**Collected data**
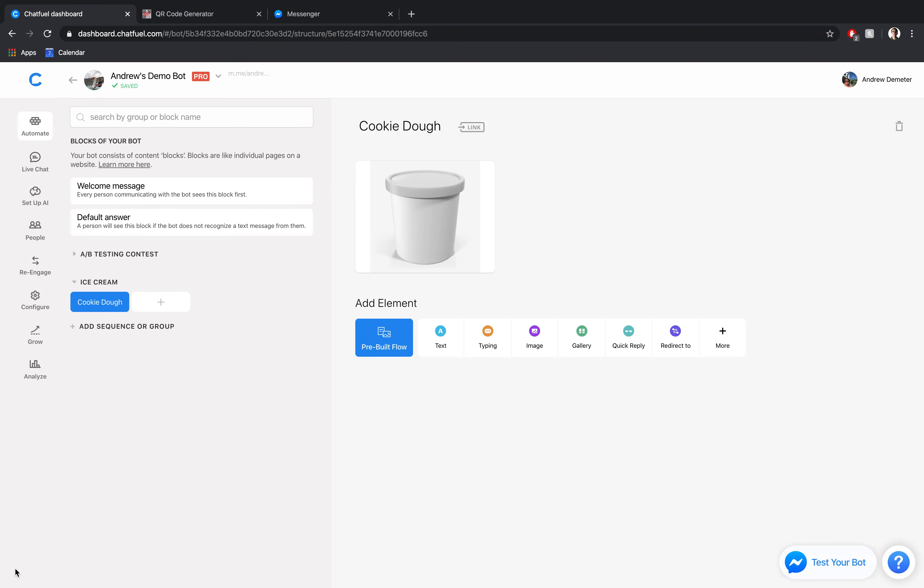Hi there, folks. Andrew here at Chatfuel. Today, we're going to be talking all about ice cream. Yes, right. Who doesn't love ice cream, except for maybe the lactose intolerant, the vegans out there, but even they can enjoy ice cream that is dairy-free.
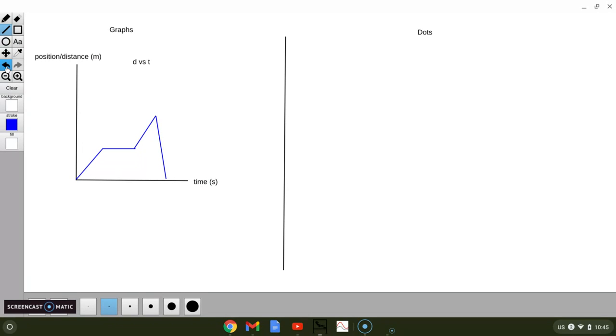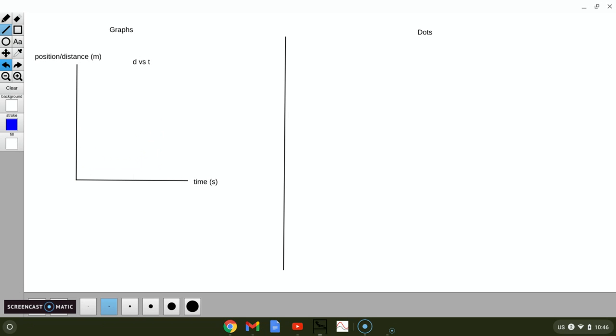Let's try another one. This time you need to do both graphs and dots. You are going to walk away slowly for three seconds, and then immediately go much faster for three more seconds, and then finally stop for three seconds. Go ahead and hit pause, draw that graph, draw those dots.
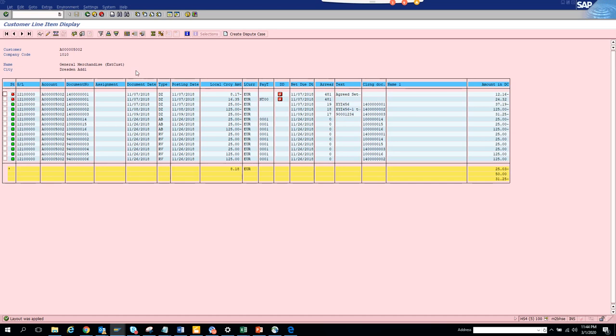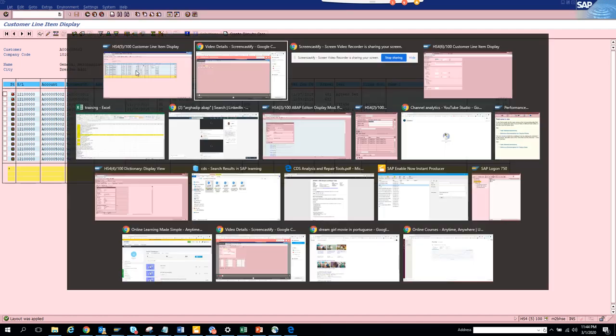This is the transaction FPL5N in order to find what are the outstanding and what are the cleared items for a particular customer. Stay tuned to my channel and happy learning.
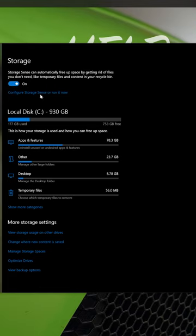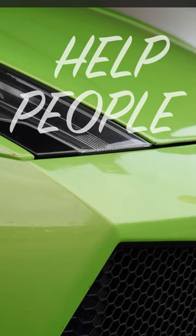You can also click configure storage sense or run it now to make sure that everything is configured. Now you know how to free up hundreds of gigs on your hard drive.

**How to complete this task**
Any picture in the listing is to be omitted. Return exactly the lines from the one containing "Let's try another" through its last line, both included, and only those.

**Reply**
Let's try another one. This time you need to do both graphs and dots. You are going to walk away slowly for three seconds, and then immediately go much faster for three more seconds, and then finally stop for three seconds. Go ahead and hit pause, draw that graph, draw those dots.
This is the transaction FPL5N in order to find what are the outstanding and what are the cleared items for a particular customer. Stay tuned to my channel and happy learning.
You can also click configure storage sense or run it now to make sure that everything is configured. Now you know how to free up hundreds of gigs on your hard drive.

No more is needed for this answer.